++++ Recorded data ++++
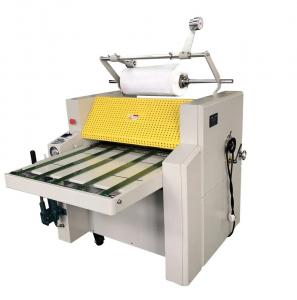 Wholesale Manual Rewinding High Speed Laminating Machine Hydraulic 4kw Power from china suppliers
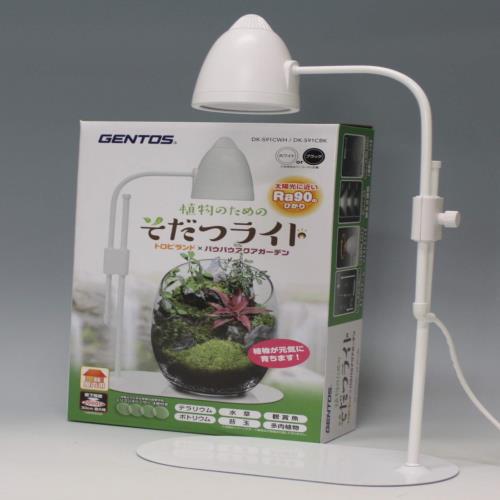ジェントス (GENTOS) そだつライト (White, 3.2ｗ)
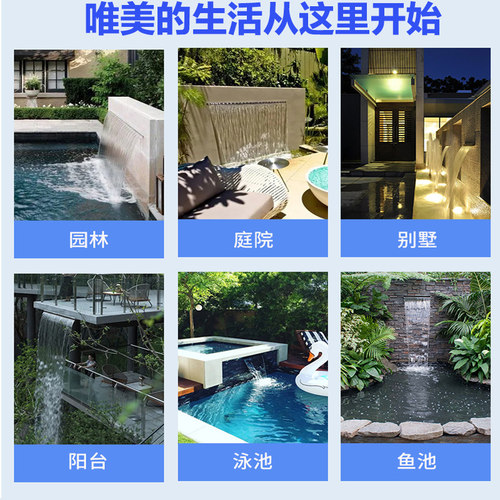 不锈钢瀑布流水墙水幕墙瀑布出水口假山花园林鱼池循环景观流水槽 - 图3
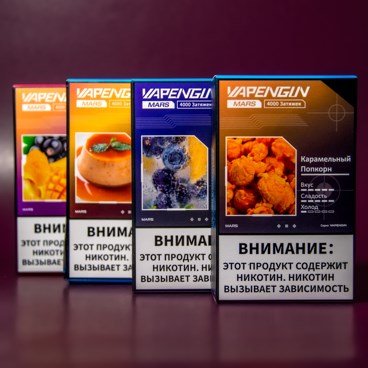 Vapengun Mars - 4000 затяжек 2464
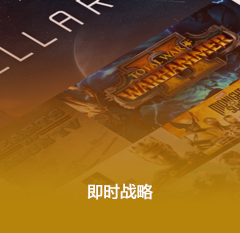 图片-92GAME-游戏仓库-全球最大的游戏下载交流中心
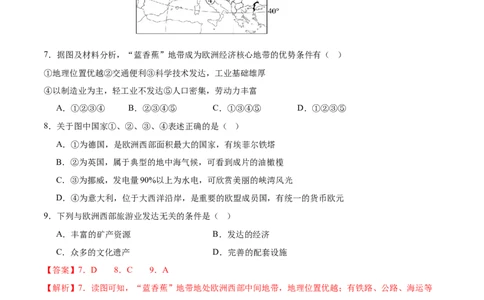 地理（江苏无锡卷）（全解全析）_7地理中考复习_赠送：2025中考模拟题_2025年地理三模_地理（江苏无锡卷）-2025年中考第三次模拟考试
++++
++++ Recorded data ++++
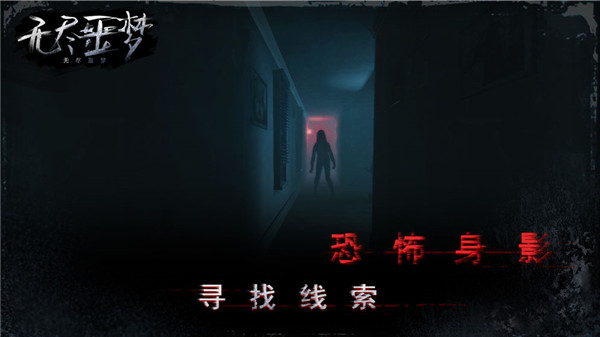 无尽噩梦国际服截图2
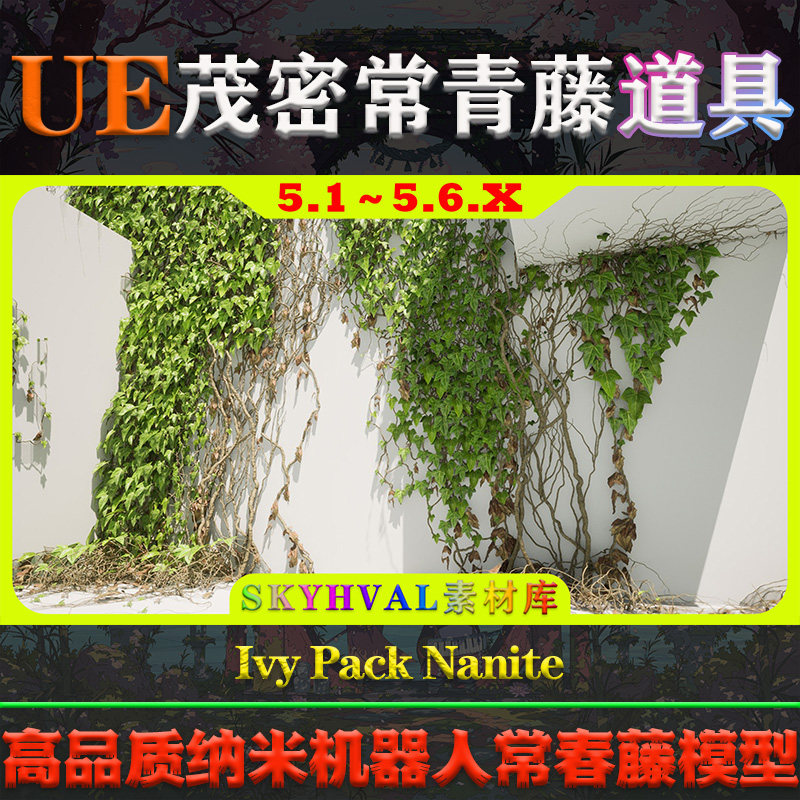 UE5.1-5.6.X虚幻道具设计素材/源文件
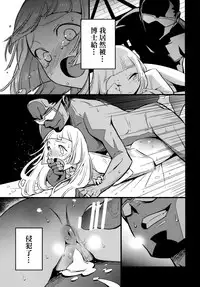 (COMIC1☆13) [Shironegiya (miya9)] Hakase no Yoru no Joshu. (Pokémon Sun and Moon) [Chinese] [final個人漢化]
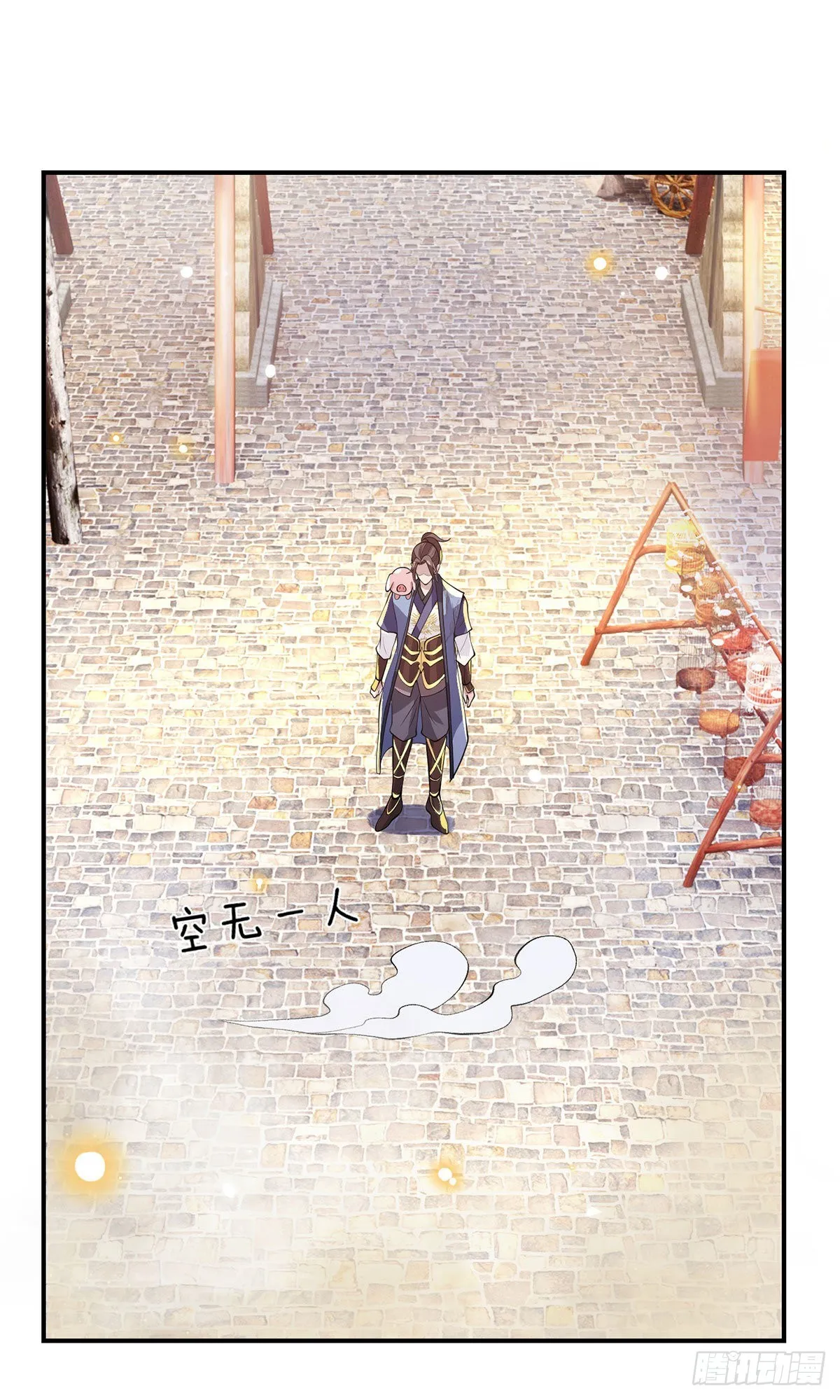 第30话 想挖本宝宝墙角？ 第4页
++++
++++ Recorded data ++++
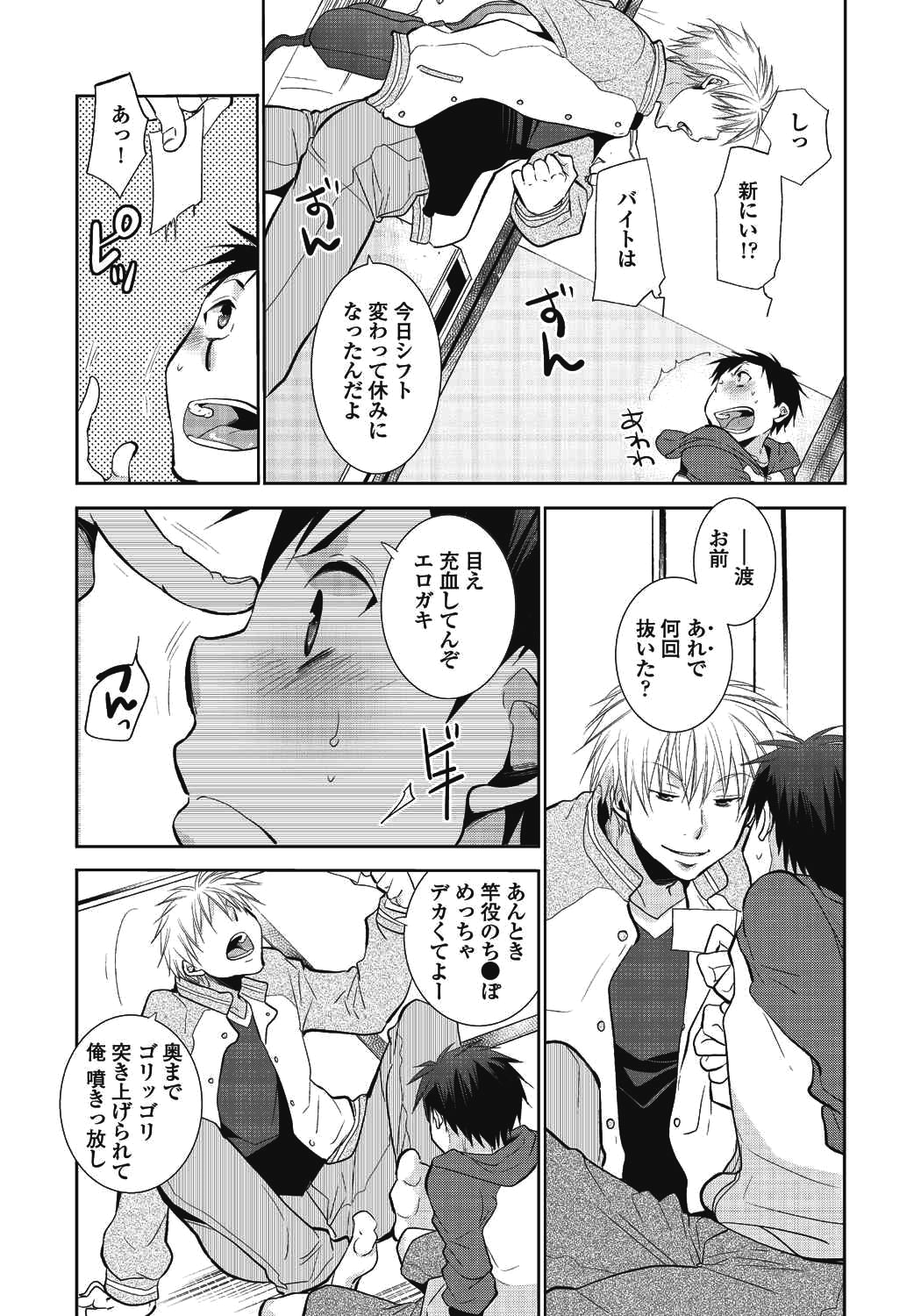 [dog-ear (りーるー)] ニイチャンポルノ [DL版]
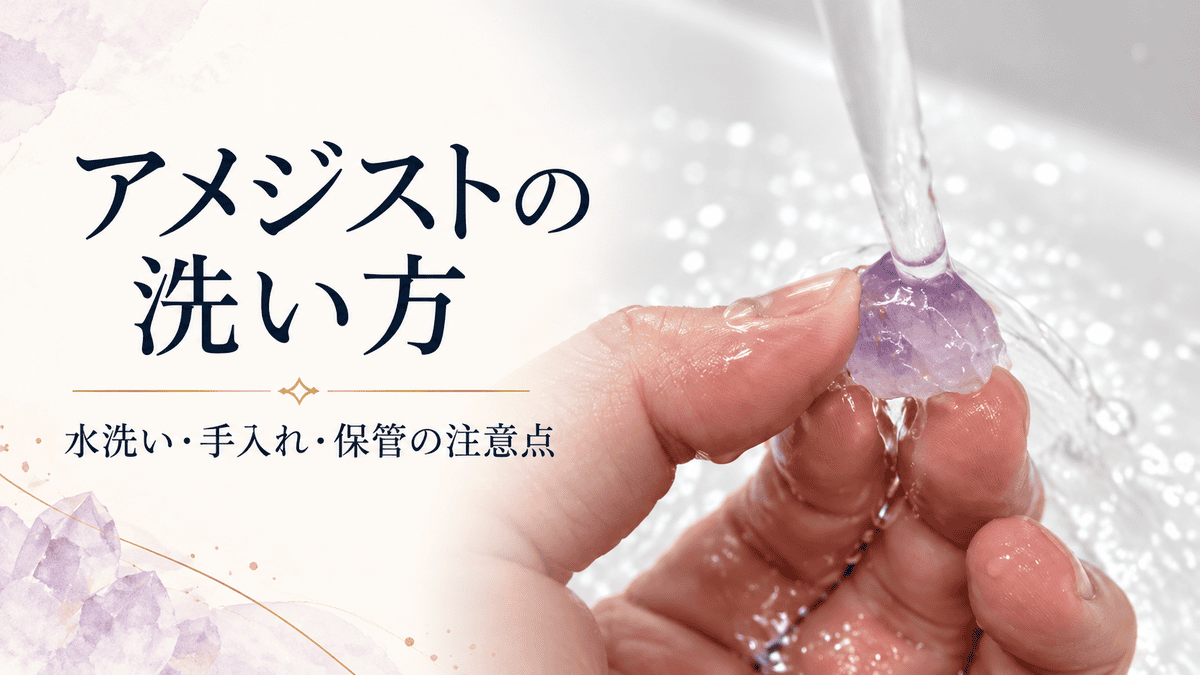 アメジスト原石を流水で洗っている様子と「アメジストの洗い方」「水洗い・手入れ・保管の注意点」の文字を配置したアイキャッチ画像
++++
> Description of the task:
Starting with the line above that holds "UE5.1-5.6.X虚幻道具设计素材/源文件", restate each line word for word up to and including the line that holds "第30话 想挖本宝宝墙角？ 第4页". Drop the pictures.

> Solution to the problem:
 UE5.1-5.6.X虚幻道具设计素材/源文件
 (COMIC1☆13) [Shironegiya (miya9)] Hakase no Yoru no Joshu. (Pokémon Sun and Moon) [Chinese] [final個人漢化]
 第30话 想挖本宝宝墙角？ 第4页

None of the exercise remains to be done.